The most striking dancing of "Tabula Rasa" comes in the second half. Or rather, nondancing: it's as quiet as the music. One by one, each isolated and facing us in a slow-moving line, the dancers cross the stage by rocking from side to side on stiff legs, shifting their feet slightly with each shift of weight. After several aeons, one dancer near the end stops-and another bumps into him. And another bumps into her. The close of the piece is filled with triangulating interactions that are not necessarily love triangles. Instead they express a simultaneous urge to disrupt and reunite, to destroy comfort even as equilibrium is sought again.
Naharin manages to make the dancers look epic even when their movements are minimal. If "Tabula Rasa" is about romance, it makes love huge and tragic. Johan Inger's "Walking Mad," first performed by HSDC a year ago, is at the other end of the spectrum. Set to Ravel's "Bolero," it breaks love down to the lowest common denominator of adolescent madness, seen most clearly in a scene when the five men, decked out in dunce caps, form a girl-chasing pack.
Drawing on clown tricks and possibly Monty Python's Ministry of Silly Walks, "Walking Mad" makes human beings small and funny. But by equating madness with sexual passion, Inger sets up an intriguing world where it might just be better to be crazy than sane, the life of the party instead of a wallflower. In the piece's more thoughtful moments, the characters make "sane" choices that separate them from others and from life.

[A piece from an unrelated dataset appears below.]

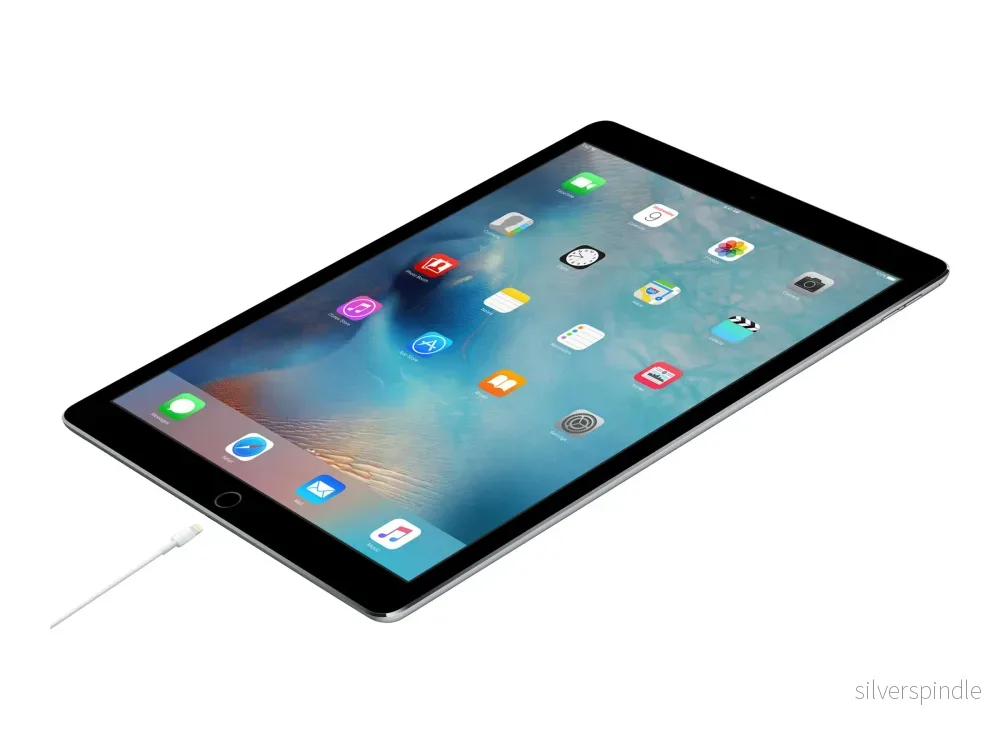 Apple Laddkabel USB-C til Lightning 1m - Bild 2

Internationally known Naharin and Inger give HSDC resident choreographer Alejandro Cerrudo some tough competition on this program. The impressive set piece of his "Off Screen," premiered last spring, is a huge length of sparkly, billowy cloth-a frame for the action that certainly suggests the glamour and transformative power of his subject, the movies. But it also nearly overwhelms the dancers and their movements. This time around, I felt I could barely see them. When they disappeared and a lush movie score took over the stage, I hardly missed them, though the music made the moment fraught and sad.